This is how life goes: we don’t know the future, we don’t know tomorrow, we can’t even say how today will unfold. For us, every day is a new beginning, free of all the mistakes we may make and full of possibilities. For God, who is present in all our moments yet simultaneously outside of time, all of our deeds and the entirety of our lives are already known. Even so, I cannot be fatalistic; I need to be faith-filled. Though God knows the decisions I will make, I still have to choose, I still have to act. In all the ups and downs of life, the unexpected twists and turns and the choices that I face, I want to live my life running after the Lord, wanting more of Him. God is my everything. All of my hopes are pinned on Him and the promises in His Word. I was purposefully and passionately fashioned by the King and I pursue the Lord with all the passion He has endued me with. The apostle Peter also had a great passion for the Lord. When I read the gospels, my heart beats in time with Peter’s heart. He doesn’t just jump out of the boat once but twice (Matthew 14:29 and John 21:7). Each time he steps out of the boat he does so to get to Jesus. Peter is desperate to be with Him; he is passionate about having more of Jesus. Yet in his passion, Peter is also impulsive. He makes promises he cannot keep (Mark 14:29); he acts recklessly (John 18:10); he is prideful (Luke 22:24-34); he is confused and misses the point (Matthew 17:4); he is earthly minded, not heavenly minded (Matthew 16:23); in a matter of minutes he goes from a faith that can move mountains to a fear so great his faith fails him (Matthew 14:31); and when things don’t go the way he thinks they are supposed to, Peter becomes discouraged and gives up (John 21:3).

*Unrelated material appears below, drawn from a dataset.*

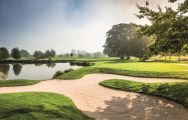 View Porsche Golf Course's scenic golf course situated in stunning Germany.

I am Peter. I have made promises I could not keep. I have been reckless, proud, confused, earthly minded, full of faith one moment and none the next, discouraged and defeated. I will probably make the rounds of each one of these things again at some point and probably sooner and more often than I would like to believe.

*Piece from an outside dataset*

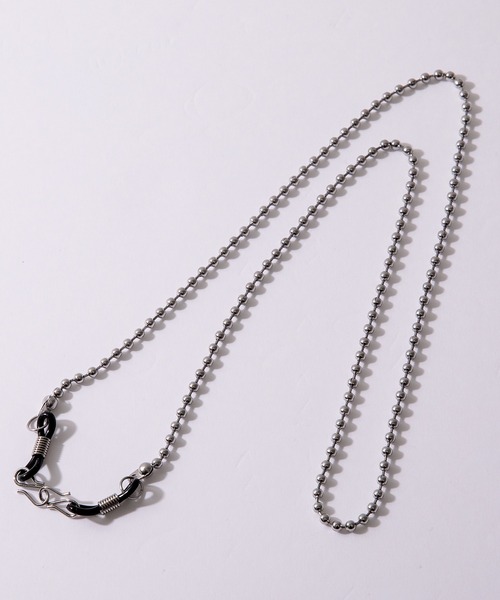 kutir（クティール）の「2wayマルチネックレス（ネックレス・メンズ・ライトグレー/レインボー・FREE）」の5枚目の写真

Nonetheless, God in all His mysterious glory incorporates our brokenness into His plan and partners with us to bring about His will. Who else does that? What CEO or president says, ‘bring me the most ruined, unqualified failure you can find, and then set her up with a desk in my office because I’m gonna change the world with that girl!’ Who submits a resume highlighting all their failures and inadequacies? No one. Not even Christians do that. When have you ever seen an advertisement for a Christian concert, conference or workshop that highlights the failings of the musicians or speakers? Instead we are quick to publish biographies praising the many accomplishments of this minister or that evangelist. We need to ask ourselves: are we drawn to Jesus or to man? Who catches my eye: the Lord or one of His servants? God does not care about our accomplishments or accolades, quite the opposite in fact; for our tarnished trophies interfere with His glory. Without the Lord, all our big ministries, mega churches, book sales, altar calls and worship leaders cannot save, change, or comfort. Without the Lord, it’s like we’re just making noise. And God will not share His glory with another (Isaiah 42:8); this is why “we have this treasure in jars of clay to show that this all-surpassing power is from God and not from us” (2 Corinthians 4:7). This is why Peter was God’s man. He was so full of mistakes and failures that it was always evident that the good stuff was God at work in his life. God received all the glory. This is why Jesus said that Peter was a rock upon which He would build His church because we are all called to be passionate Peters: “you also, like living stones, are being built into a spiritual house to be a holy priesthood, offering spiritual sacrifices acceptable to God through Jesus Christ” (1 Peter 2:5). God is calling us to run after His heart, not perfectly but passionately. I am Peter. Who are you?